Технический термин многоголосия — “ураганный огонь”. Андрей Лобанов-Ростовский находился прямо в эпицентре этого шквала из стали, клубов дыма и газов. Он со своими солдатами забился в импровизированное убежище. Судорожно прижимает к уху трубку полевого телефона. Между взрывами возникает пауза. И он слышит обрывок телефонного разговора: “Докладывает девятая рота. Пятнадцать убитых. В остальном все в порядке”. Затем прогремел новый залп, на этот раз совсем близко. Дрожит земля. Клубы пыли. Гром. Телефон умолкает. Сквозь образовавшуюся наверху дыру просачивается свет. Лежать под огнем — это что-то новое для него:
Невозможно описать эти чувства словами, но те, кто пережил то же, что и я, меня поймут. Пожалуй, самое подходящее название происходящему — мощное землетрясение, к которому примешиваются грохот грома и гроза, словно резвится какой-то шутник-великан, зажигая сотни молний. А я лежал в своей яме, посреди шума и грохота, пытаясь сообразить, что я должен делать, чего от меня ждут.
Он приобрел тот же опыт, что и миллионы солдат, впервые оказавшиеся в окопах, а именно: зримый мир сужается — ведь видишь очень мало, — тогда как стремительно расширяется мир, воспринимаемый через обоняние и слух. Особенно звуки кажутся ревущими, оглушающими. Две мысли вспыхивают в его потрясенном сознании. Первая: “Если со мной что-то случится, будет жаль, что я так и не дочитал книгу фон Клаузевица”. Вторая: “На меня смотрят мои солдаты, я должен скрывать свой страх”.
Немного погодя Лобанов-Ростовский вообще утрачивает чувство времени в этом кипящем хаосе. В какой-то момент он чувствует, — не слышит, не видит, именно чувствует: сейчас что-то произойдет, — и не успевает он опомниться, как рядом по кругу рвутся снаряды калибра 15 см. Очнувшись, он видит, что его засыпало землей, но он цел и невредим. Один из лежащих рядом с ним унтер-офицеров говорит, что снарядом разнесло на куски прожектор. С закатного неба сплошным градом продолжают падать снаряды.
Внезапно становится темно и наступает тишина.
Тишина возникает “так резко, что причиняет почти физическую боль”.
Ровно три часа ночи. Немецкая пунктуальность.
Теперь, когда все позади, Лобанова-Ростовского начинает трясти. Он дрожит так, что весь покрывается потом.
Этой ночью больше ничего не происходит.
Суббота, 16 сентября 1916 года
Мишель Корде работает допоздна в министерстве в Париже
Ранняя осень. Высокое чистое небо. Газеты, как обычно, раздражают его. Первые полосы пестрят жирными заголовками о новых победах союзников. И только на третьей полосе он замечает печальную новость. Три строчки о том, что румынская армия продолжает отступать.

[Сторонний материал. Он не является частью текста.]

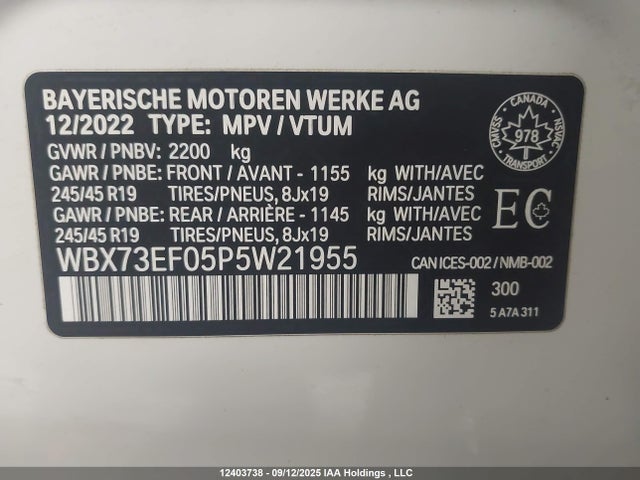 WBX73EF05P5W21955 BMW 2023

Больше ничего. Корде только что прочитал письмо, написанное одним полковником, в котором рассказывалось о кошмарном событии, недавно произошедшем в Вердене, где все еще продолжалось сражение, пусть даже менее ожесточенное. (Неделю назад французские войска атаковали Дуамон и захватили несколько окопов. Два дня назад немцы предприняли контрнаступление. Одновременно с этим пробудились от спячки участники сражения на Сомме. Вчера там на фронте была впервые использована новая военная техника: речь шла о танке, оснащенном орудиями и пулеметами, покрытом стальной броней, на гусеничном ходу.) Неиспользовавшийся железнодорожный туннель под Таваннами давно уже служил войскам убежищем, квартирами и складом боеприпасов. Здесь всегда было полно народу: солдаты, отставшие от своих частей, или те, кто прятались от постоянного артобстрела. В ночь на 5 сентября склад боеприпасов взорвался, и в огне пожара погибло от пятисот до семисот солдат. Пресса ни словом не обмолвилась об этом происшествии. (О нем даже не доложили политическому руководству.)